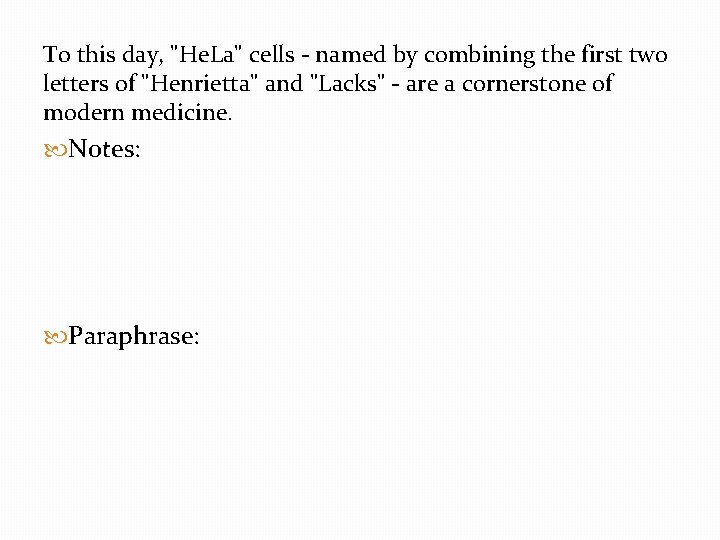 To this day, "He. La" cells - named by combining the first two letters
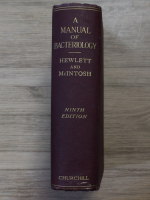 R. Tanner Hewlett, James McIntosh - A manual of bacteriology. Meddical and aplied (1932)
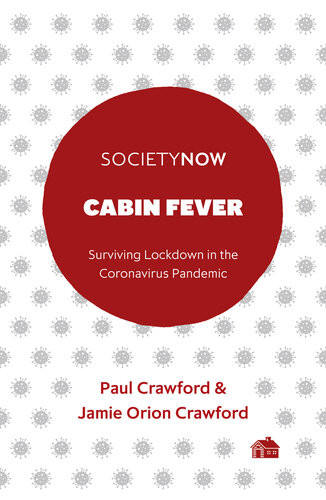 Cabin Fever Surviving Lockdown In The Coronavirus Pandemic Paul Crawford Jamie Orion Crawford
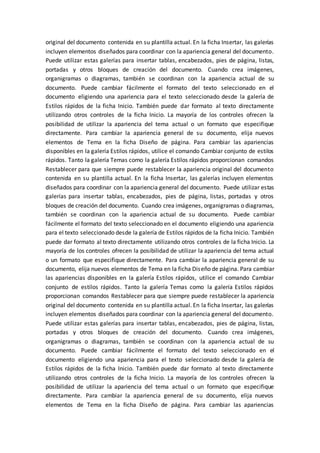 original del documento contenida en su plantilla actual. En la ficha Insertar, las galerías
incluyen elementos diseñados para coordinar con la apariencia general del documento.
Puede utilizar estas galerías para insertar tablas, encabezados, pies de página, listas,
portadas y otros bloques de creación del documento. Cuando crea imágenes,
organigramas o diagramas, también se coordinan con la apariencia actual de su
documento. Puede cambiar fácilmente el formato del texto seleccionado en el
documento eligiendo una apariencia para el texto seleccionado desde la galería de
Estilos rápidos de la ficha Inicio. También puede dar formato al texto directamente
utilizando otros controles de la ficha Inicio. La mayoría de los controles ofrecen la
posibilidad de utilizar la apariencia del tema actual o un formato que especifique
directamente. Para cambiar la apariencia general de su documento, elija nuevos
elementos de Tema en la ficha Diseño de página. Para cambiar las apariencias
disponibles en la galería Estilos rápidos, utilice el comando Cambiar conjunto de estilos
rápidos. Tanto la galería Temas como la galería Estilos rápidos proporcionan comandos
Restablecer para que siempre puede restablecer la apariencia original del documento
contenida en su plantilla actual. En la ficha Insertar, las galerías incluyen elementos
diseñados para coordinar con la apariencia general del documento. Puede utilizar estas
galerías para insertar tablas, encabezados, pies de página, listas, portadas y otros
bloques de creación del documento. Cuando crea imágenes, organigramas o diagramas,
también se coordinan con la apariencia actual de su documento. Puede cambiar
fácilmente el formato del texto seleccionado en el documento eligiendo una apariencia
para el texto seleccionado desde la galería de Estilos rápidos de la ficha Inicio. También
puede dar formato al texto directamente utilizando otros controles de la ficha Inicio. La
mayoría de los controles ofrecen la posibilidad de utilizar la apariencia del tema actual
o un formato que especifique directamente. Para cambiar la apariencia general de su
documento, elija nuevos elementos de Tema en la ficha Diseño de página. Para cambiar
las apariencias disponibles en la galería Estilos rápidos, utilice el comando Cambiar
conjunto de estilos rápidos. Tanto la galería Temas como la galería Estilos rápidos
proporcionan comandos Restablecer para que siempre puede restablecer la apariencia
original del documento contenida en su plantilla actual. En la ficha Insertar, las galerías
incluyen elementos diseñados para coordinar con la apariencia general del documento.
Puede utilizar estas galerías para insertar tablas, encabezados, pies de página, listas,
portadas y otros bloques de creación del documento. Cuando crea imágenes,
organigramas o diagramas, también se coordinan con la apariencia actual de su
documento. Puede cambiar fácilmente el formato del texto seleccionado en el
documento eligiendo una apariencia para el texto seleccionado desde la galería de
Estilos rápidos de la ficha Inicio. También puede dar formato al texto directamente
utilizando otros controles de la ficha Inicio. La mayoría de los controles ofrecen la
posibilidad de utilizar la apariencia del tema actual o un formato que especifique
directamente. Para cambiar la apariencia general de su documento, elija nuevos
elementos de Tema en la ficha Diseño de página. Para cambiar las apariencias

==

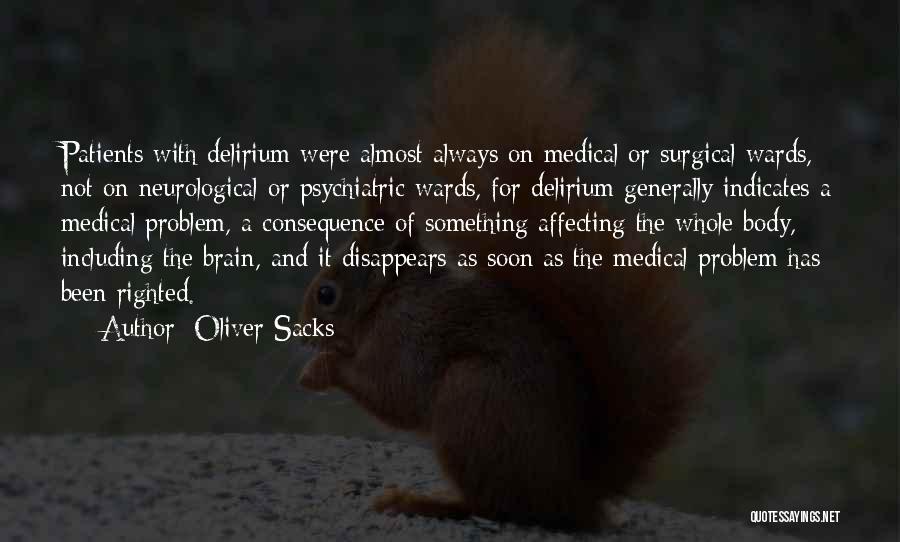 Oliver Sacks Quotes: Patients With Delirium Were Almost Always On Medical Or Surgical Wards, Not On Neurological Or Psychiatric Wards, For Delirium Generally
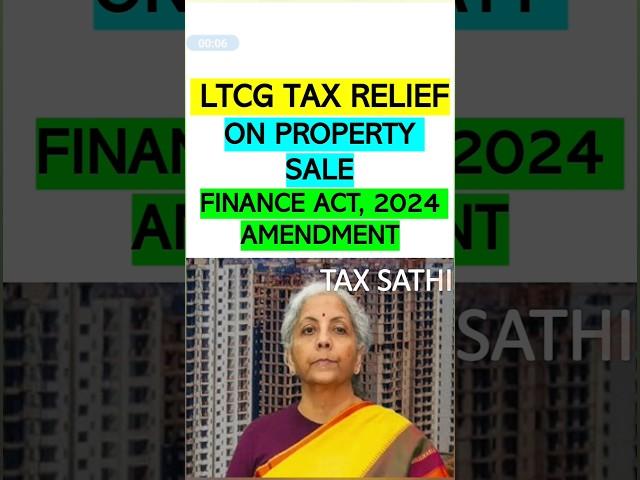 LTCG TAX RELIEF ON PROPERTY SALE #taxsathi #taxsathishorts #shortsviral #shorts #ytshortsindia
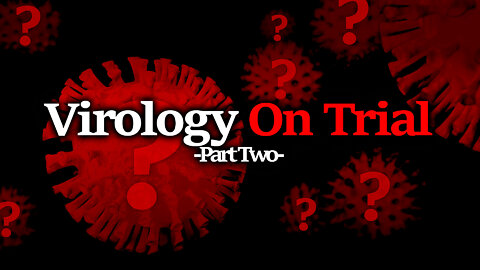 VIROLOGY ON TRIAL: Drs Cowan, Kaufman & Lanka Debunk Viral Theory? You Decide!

EXERCISE: Count the lines in the records that include the word "rápidos". Report the total alone.

EXERCISE SOLUTION: 7